For the past 21 years, I have been in search of a family. I have been in search of a family to belong to, for someone to believe I am special and just accept me for who I am, not what I can do for them. And yet, in all of my searching, I have never been able to find this place, to fill this void. Why is it so hard to find, even one person to fulfill this need? I have learned this need about myself in many difficult ways. I have tried to figure out why I need it, where did this void begin, why I can't fill the void or why I can't change or protect myself ... turn this need off?
Personally, I HAVE to believe it is either a sick and cruel joke God is playing on me to teach me something, or it is really, truly the way people behave. My only problem is, in all of life's travels I have met many, many people, seen many, many families, NONE of them have had this kind of baggage, none of them have treated their families like this, so completely and consistently. It blows my mind. And so, I am left to believe I really am the horrible person people, who are supposed to be family, say that I am.

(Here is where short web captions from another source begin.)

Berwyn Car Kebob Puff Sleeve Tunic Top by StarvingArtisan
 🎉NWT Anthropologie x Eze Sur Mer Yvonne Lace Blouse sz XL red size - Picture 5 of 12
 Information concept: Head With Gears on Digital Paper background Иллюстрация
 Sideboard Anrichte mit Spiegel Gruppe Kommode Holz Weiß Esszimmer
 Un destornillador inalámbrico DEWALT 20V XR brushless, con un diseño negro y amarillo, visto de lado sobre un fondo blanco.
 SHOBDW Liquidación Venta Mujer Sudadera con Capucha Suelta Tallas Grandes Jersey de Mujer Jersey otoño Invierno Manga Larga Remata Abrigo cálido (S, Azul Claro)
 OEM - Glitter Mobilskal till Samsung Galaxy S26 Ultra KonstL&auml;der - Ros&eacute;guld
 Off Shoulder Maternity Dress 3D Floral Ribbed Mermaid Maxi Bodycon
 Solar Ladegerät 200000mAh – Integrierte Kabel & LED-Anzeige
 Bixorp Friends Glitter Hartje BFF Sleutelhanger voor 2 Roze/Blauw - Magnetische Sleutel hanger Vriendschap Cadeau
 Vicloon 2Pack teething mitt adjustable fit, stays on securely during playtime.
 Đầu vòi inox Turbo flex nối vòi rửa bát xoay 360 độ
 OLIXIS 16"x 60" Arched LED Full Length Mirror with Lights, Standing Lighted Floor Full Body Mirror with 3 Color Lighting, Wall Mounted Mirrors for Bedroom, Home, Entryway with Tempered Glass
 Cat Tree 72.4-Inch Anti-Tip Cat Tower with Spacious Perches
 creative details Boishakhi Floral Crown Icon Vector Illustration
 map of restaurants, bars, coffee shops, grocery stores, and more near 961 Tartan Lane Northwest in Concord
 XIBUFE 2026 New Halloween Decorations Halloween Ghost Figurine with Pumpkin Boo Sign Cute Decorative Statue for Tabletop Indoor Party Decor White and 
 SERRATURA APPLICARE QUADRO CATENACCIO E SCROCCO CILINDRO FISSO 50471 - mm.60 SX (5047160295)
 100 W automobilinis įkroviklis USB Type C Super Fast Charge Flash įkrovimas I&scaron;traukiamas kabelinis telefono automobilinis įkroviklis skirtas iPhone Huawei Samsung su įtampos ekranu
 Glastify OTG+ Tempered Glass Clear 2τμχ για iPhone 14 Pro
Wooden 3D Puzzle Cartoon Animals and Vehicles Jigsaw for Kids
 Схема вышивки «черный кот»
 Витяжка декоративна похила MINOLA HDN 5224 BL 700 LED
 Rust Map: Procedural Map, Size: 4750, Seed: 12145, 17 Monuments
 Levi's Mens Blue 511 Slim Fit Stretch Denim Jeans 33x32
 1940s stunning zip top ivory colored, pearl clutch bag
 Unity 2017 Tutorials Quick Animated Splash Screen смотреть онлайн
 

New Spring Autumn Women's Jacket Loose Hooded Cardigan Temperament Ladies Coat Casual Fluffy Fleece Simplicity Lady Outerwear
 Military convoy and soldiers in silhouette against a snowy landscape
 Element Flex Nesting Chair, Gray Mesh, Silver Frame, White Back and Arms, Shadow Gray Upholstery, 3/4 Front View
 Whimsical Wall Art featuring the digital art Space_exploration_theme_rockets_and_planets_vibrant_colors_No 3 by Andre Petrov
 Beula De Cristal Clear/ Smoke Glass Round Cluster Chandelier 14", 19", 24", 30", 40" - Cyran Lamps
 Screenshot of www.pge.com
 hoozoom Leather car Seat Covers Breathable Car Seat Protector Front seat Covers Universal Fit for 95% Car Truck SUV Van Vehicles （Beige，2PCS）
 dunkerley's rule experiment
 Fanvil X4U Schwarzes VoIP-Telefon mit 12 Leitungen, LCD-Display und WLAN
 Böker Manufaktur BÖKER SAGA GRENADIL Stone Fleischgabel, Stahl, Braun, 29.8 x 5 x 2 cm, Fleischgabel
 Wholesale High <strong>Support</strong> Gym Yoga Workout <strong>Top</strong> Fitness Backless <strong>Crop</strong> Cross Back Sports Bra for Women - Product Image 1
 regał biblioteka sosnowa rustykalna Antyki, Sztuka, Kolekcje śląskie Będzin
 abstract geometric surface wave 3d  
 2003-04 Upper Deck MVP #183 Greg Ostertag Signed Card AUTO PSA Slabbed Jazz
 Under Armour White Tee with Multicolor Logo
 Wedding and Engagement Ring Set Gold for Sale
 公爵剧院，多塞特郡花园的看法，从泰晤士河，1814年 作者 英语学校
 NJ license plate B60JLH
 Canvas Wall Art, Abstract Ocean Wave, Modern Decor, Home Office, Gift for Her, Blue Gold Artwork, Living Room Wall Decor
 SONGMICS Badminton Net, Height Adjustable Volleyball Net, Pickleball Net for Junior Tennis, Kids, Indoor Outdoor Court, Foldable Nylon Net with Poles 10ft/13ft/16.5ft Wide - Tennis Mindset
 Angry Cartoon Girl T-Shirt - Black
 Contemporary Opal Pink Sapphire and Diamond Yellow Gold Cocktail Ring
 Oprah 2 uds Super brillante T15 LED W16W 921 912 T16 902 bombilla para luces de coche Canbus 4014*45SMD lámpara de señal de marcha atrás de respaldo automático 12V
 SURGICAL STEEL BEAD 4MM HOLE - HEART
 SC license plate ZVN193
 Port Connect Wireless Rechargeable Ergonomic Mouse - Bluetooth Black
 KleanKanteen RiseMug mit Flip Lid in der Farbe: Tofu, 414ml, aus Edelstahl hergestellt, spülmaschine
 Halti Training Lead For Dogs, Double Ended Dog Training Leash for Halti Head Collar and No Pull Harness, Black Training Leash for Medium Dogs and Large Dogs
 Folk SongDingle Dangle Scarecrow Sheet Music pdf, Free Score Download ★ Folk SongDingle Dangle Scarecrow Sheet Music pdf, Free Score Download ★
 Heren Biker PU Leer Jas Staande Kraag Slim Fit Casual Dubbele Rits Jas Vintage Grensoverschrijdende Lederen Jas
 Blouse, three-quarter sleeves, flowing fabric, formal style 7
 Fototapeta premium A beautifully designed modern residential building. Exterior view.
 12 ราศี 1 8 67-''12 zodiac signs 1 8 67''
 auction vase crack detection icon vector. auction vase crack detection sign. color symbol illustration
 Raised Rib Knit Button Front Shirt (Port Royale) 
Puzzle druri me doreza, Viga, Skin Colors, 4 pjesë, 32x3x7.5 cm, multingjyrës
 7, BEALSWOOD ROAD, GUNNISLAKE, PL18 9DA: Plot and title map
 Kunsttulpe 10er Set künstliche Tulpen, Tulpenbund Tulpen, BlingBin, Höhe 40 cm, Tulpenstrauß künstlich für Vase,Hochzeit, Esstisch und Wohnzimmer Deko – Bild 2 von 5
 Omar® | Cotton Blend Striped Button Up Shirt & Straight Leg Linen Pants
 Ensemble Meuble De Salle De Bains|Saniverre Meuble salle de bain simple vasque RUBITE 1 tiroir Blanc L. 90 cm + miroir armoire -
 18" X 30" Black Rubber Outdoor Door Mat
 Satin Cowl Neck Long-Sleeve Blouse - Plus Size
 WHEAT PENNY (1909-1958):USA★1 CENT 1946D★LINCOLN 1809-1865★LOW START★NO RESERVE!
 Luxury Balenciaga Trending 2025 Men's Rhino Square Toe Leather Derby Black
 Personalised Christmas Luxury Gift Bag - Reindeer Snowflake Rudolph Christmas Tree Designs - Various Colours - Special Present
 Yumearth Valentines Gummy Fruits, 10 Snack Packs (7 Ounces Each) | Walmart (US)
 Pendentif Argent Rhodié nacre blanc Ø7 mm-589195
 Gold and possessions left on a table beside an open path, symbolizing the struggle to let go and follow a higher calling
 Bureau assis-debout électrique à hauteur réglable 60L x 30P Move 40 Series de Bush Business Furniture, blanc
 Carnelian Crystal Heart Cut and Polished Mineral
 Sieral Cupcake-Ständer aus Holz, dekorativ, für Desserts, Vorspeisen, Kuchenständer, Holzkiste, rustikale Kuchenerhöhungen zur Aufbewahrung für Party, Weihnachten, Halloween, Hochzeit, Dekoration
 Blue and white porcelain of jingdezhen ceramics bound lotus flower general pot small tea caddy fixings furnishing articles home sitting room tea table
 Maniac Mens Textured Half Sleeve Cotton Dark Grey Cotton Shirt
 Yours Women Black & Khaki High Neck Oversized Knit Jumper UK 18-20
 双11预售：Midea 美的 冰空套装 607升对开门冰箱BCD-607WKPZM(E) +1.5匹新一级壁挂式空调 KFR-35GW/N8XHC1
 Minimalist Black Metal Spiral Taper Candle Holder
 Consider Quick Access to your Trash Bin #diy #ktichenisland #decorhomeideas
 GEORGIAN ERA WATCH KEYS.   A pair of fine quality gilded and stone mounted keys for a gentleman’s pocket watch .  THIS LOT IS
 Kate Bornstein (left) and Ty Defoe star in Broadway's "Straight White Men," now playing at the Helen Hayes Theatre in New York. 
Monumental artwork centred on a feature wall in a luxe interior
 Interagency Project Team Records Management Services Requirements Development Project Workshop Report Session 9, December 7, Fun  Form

This realization leads me back to the original question. What is family? What is the purpose? How can I believe families are supposed to be together forever when this is what I get? How do I maintain the primary/preschool fantasy that I love my family and would love the opportunity to be with them in the hereafter? My husband's answer is, "I am your family." My reply is, "I know! But how do I learn to REALLY KNOW?" How do I separate the need I have been seeking to fill all these years from parental figures and the like to a new entity I am creating with my husband and children?
In short, I have no answer to this question. It is a question that continues to plague me. I am unable to cut myself off from these people and so, I am left with not answering the question, but asking a new one: Now what?